Below are records to transcribe in full and unchanged; omit every picture.

*** Opening of Input data ***

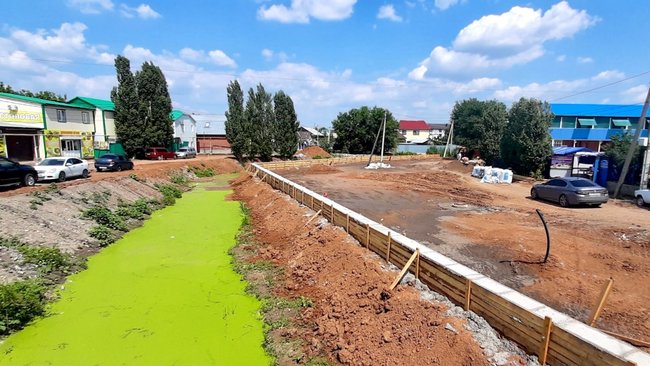 В Соль-Илецке при благоустройстве жителям улицы Набережной перекрыли доступ к домам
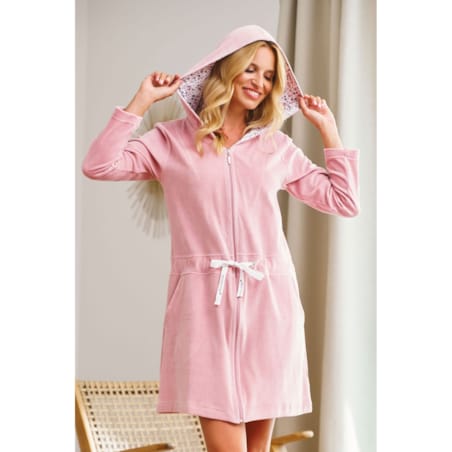 Jasnoróżowy welurowy szlafrok na suwak od S do 3XL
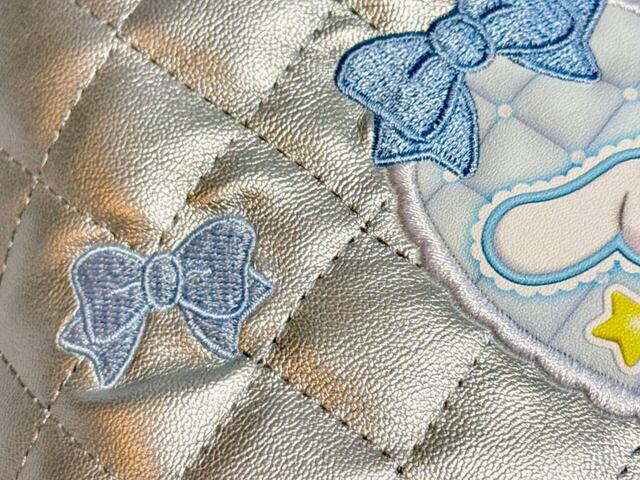 ワッペンの両サイドにはリボン刺繍があしらわれています♪【サンリオキャラクターズ当りくじ】「3．バニティケース／シナモロール」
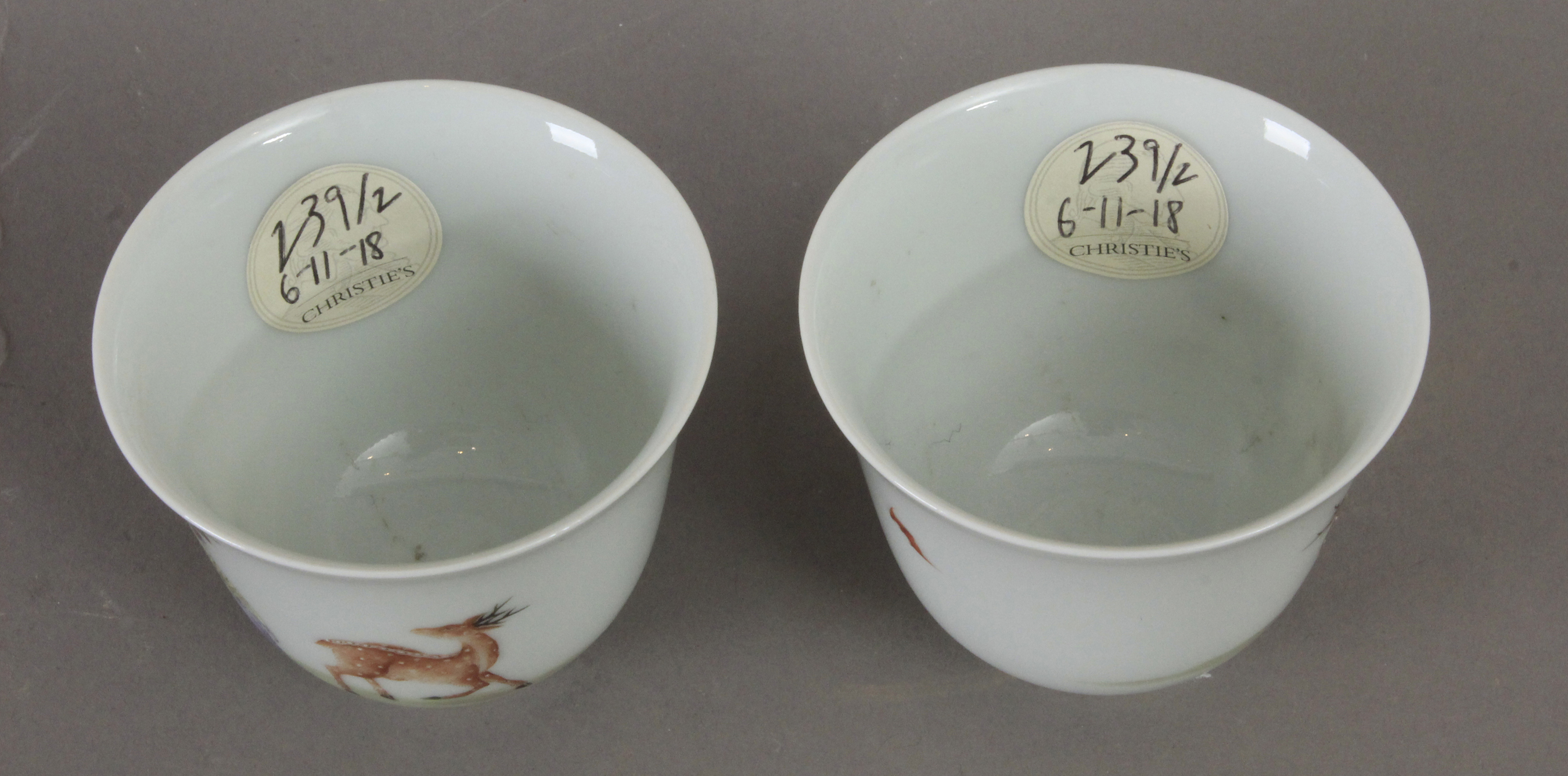 A pair of 19th century Chinese cups in glazed porcelain. Guangxu period and mark - Image 3 of 8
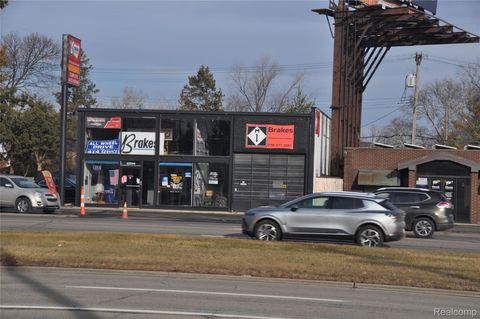 32044 WOODWARD Avenue Royal Oak City MI 48073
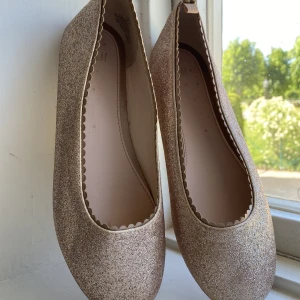 Ballerinor - Ballerinor i ett superskick! Perfekta nu i sommar 🫶🫶 ❗️Har ett par liknande i strl 36 så gå jättegärna in och kolla ❗️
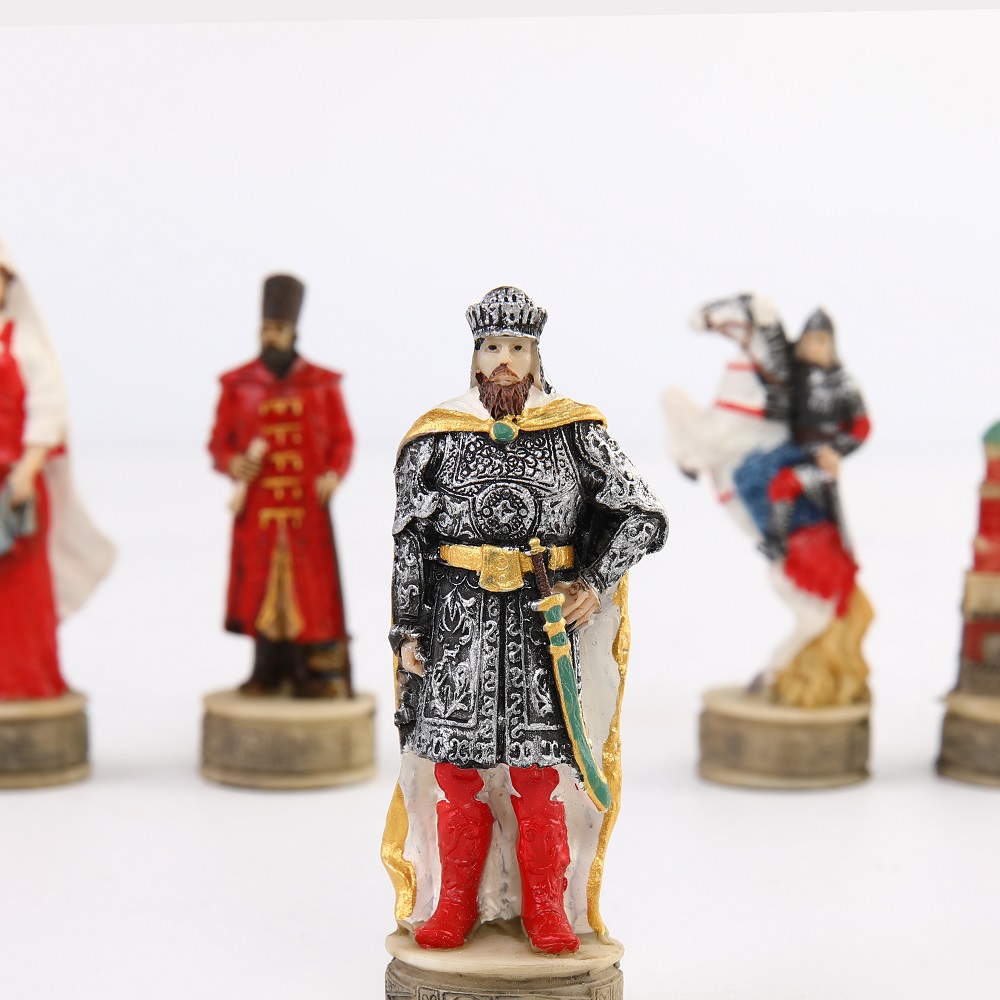 War-themed Chess Set Genghis K - Board Game Yearbook avis et prix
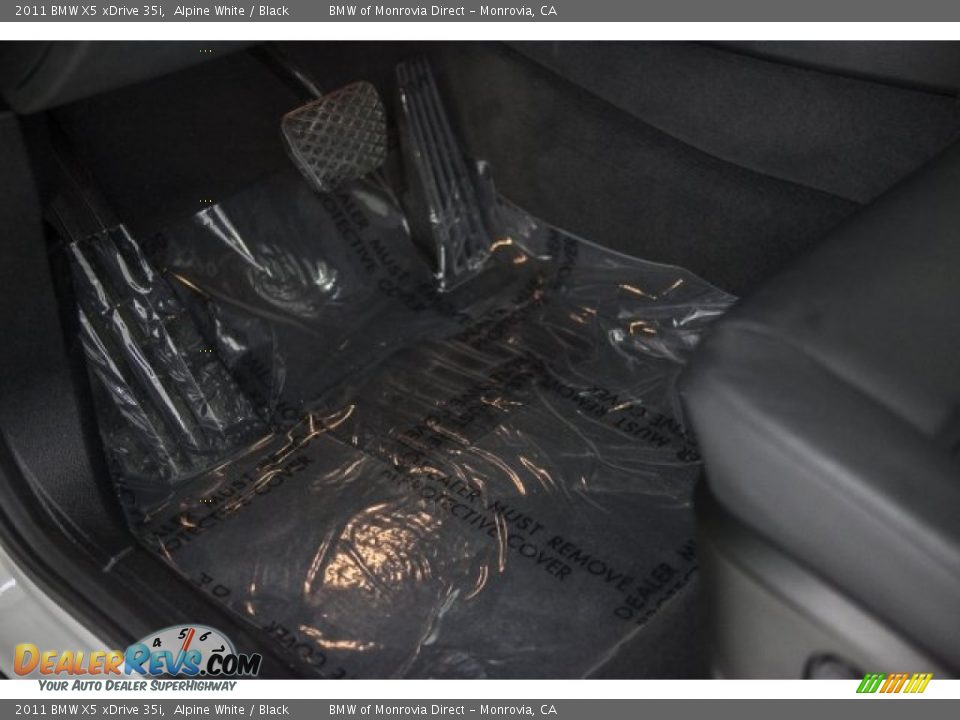 2011 BMW X5 xDrive 35i Alpine White / Black Photo #17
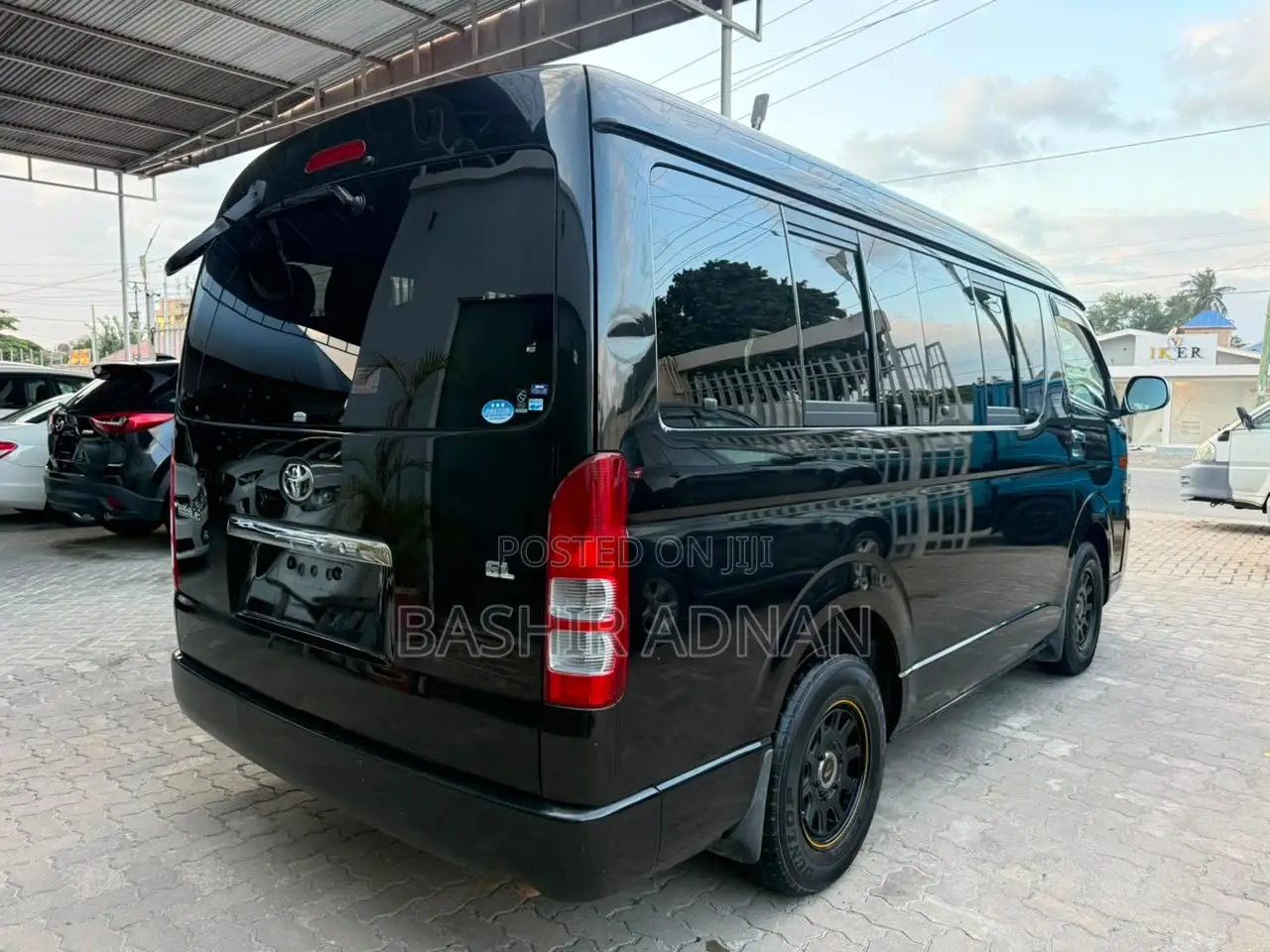 Toyota HiAce 2013 Black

*** Close of Input data ***

Task answer:
 В Соль-Илецке при благоустройстве жителям улицы Набережной перекрыли доступ к домам
 Jasnoróżowy welurowy szlafrok na suwak od S do 3XL
 ワッペンの両サイドにはリボン刺繍があしらわれています♪【サンリオキャラクターズ当りくじ】「3．バニティケース／シナモロール」
 A pair of 19th century Chinese cups in glazed porcelain. Guangxu period and mark - Image 3 of 8
 32044 WOODWARD Avenue Royal Oak City MI 48073
 Ballerinor - Ballerinor i ett superskick! Perfekta nu i sommar 🫶🫶 ❗️Har ett par liknande i strl 36 så gå jättegärna in och kolla ❗️
 War-themed Chess Set Genghis K - Board Game Yearbook avis et prix
 2011 BMW X5 xDrive 35i Alpine White / Black Photo #17
 Toyota HiAce 2013 Black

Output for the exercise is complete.